Nature never stands still. The logjams cook down. Floods add or remove debris. On many of the more permanent ones, different water levels offer different options for crossing. At high water, float over a low spot. At low low water, limbo underneath. At varying mid levels the climb over may be harder or easier depending on what odd projections and additional logs might be exposed.

Yesterday the river was up at a high medium level, following several days of afternoon downpours. The swirling current was a dark reddish brown. The flecks stayed below the surface, so it didn't look like coffee with cream, but more like onion soup. Cold onion soup.

I hit the first log jam right where I expected it. It's been there for enough years that I thought it might have rotted down enough to let me pass easily. Instead I had to hop out of Scruffy, the kayak that loves to go sideways, onto a fat log that turned out not to be as buoyant as its bulk might suggest. I didn't go in, because I move very carefully, but it complicated my crossing.

One of the owners of my local Java haunt came by, walking her chocolate lab along the bank. She and her husband own a house formerly owned by other friends of mine, which includes a fair amount of unbuildable shore frontage. She said she thought it got worse downstream. As unwelcome as this news was, it still fell within normal variation on the Pine. I was doing this for Science. If Rick, the naturalist, could stick to a compass course through a chest-deep, basically uncharted bog, I could crawl through a few logjams.

A long stretch went by with no major obstacles. I'd reached the shore frontage of the shooting preserve on river right. I hadn't looked at it in years, since we aimless explorers were posted out. Early on they had bulldozed the bank to make what appeared to be a canoe launch, but that has grown back in. Only the signs forbidding entry, peeling from every other tree, reminded me of what had been a fine place to wander and watch the post-glacial terrain evolve.

A side channel invited entry but contained no nest sites. Then I came to the second stopper.


This picture is taken from the bank after I had hauled the boat out on that tree trunk.

A couple of boat lengths dragging through the grass and I was underway again.

Below that jam I passed a lagoon to the left. Someone's building a magnificent dwelling overlooking it, so I doubted herons would find it attractive.

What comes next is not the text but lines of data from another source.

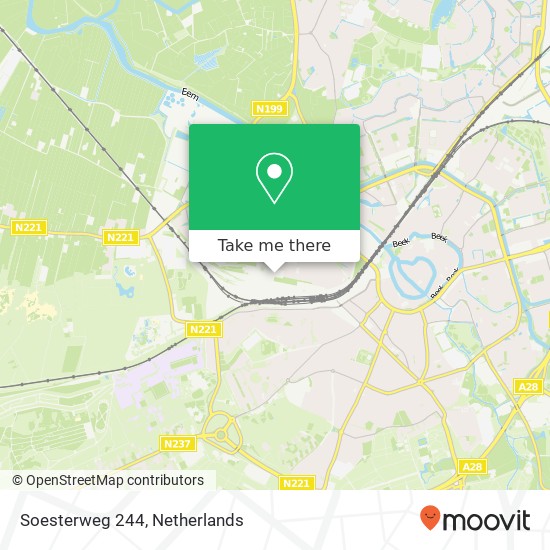 Soesterweg 244, Soesterweg 244, 3812 BH Amersfoort, Nederland Karte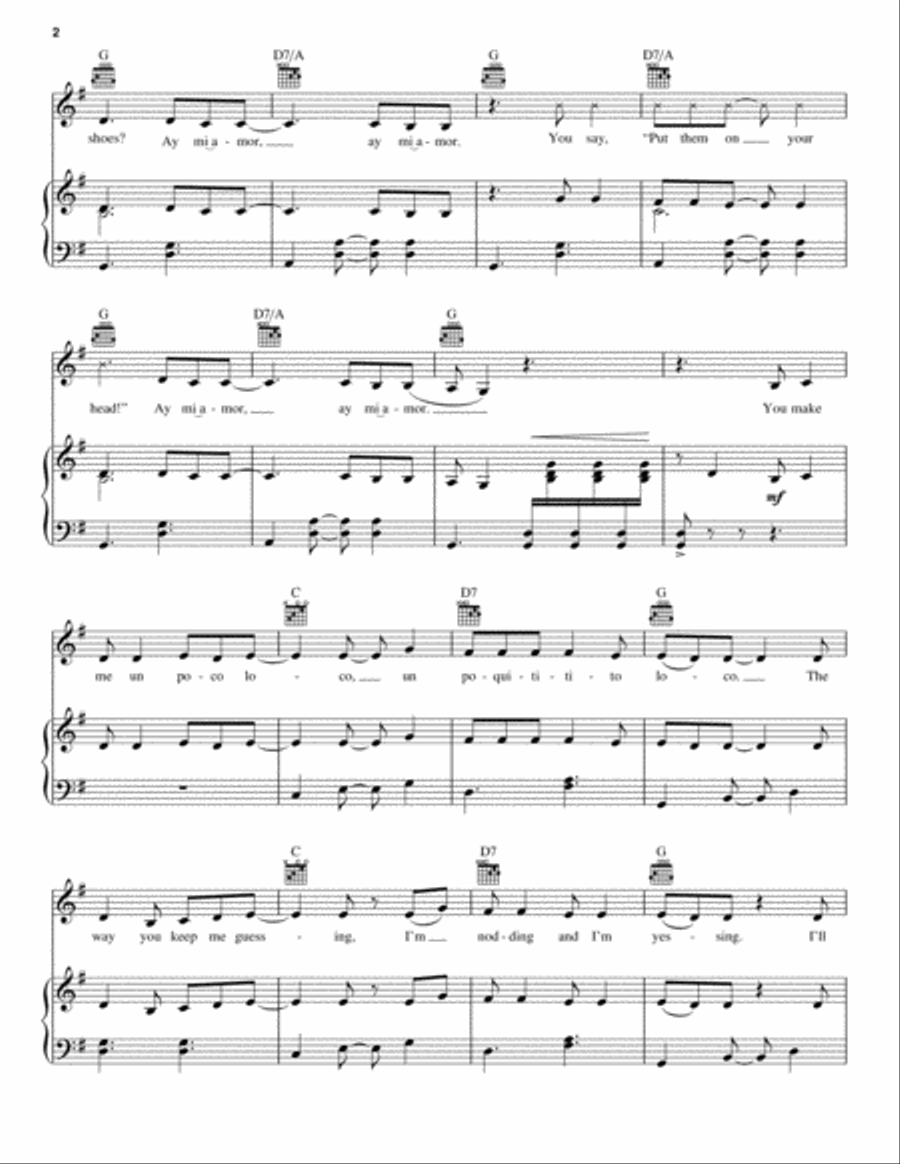 Un Poco Loco (from Coco) Piano, Vocal, Guitar scores gallery preview page 2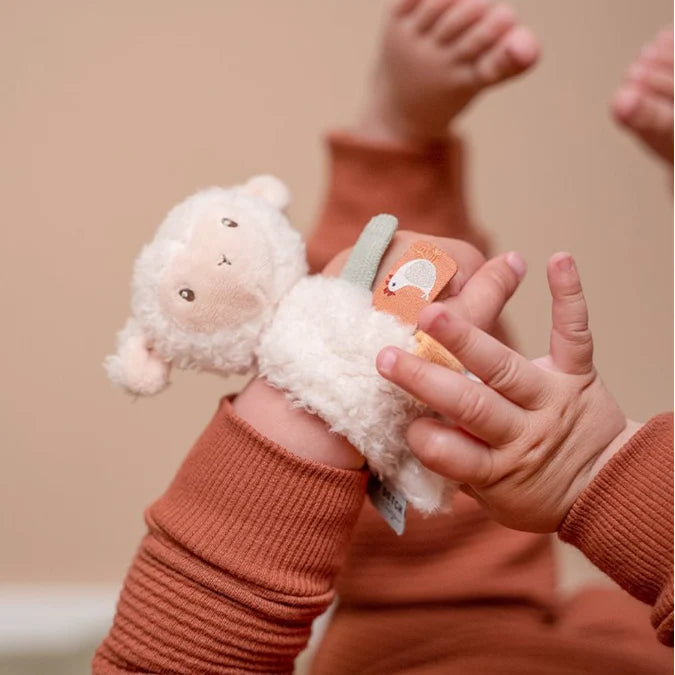 Hochet de poignet mouton Little Farm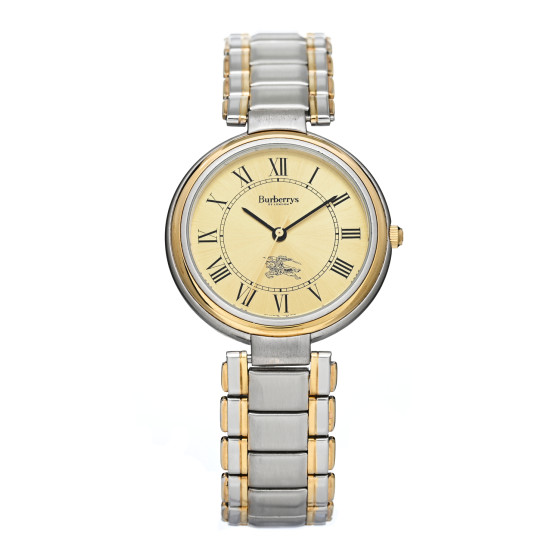 Burberry 時計 2本セット ゴールド/シルバー BURBERRY Stainless Steel 34mm 8000 Quartz Watch 1117956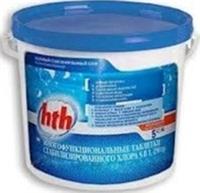 Препарат для бассейна hth Таблетки стабилизированного хлора 5 в 1 200 гр. 25 кг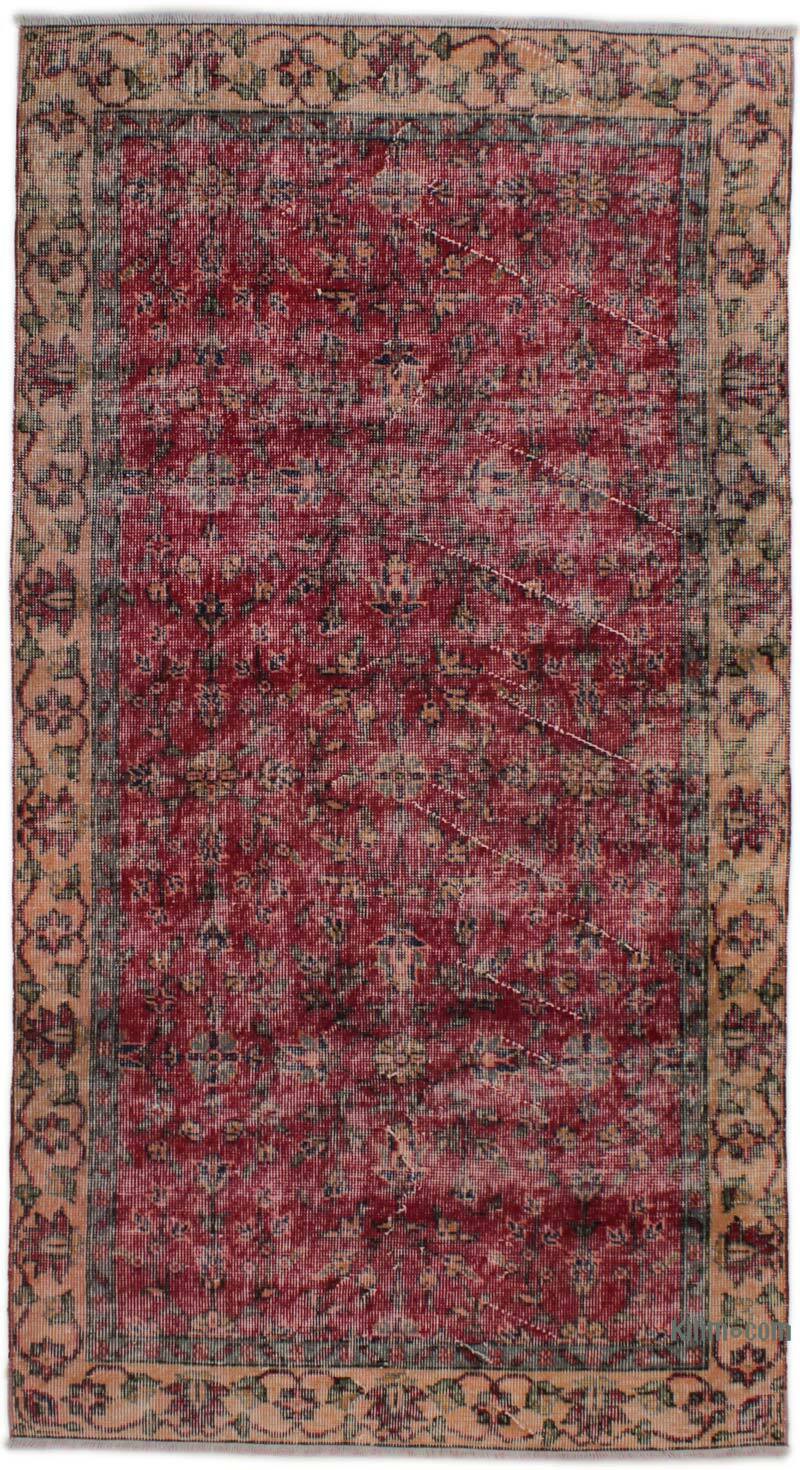 Vintage Turkish Hand-Knotted Rug - 3' 7" x 6' 8" (43" x 80") - K0076878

Herons like tall pines, I was told. I figured since they're large and stork-like, they might have similar tastes, so I looked at all tall trees. I found nothing.

The forest opens out into flood plain with isolated hardwoods, many dead from the ice storm of 1998 and various flooding episodes. There are tons of birds. I saw one adult great blue heron, wood ducks, some other crested water bird, a kingfisher, a selection of woodpeckers, warblers, redwing blackbirds, cedar waxwings, phoebes, grackles and more.

When I reached an area I knew could be surveyed from roads on shore, I headed back upstream. Traveling two directions gave me another angle from which to tell there were no nests. I was briefly tempted to push on down to the public boat launch at Route 25 and call for a pickup, but I was less than halfway there. And I believe that you should get yourself out of whatever you get yourself into.

Paddling upstream into obstacles is easier in some ways than coming down on them with the flow. You don't get pushed into things. On the other hand, you have to pull for every inch. The crossings were a bit trickier, but somewhat familiar.

With arms and shoulders sore from the sudden surge of paddling, I pulled my way back to the launching site. We paddled the lower Pine on Sunday and ended up racing thunderstorms home.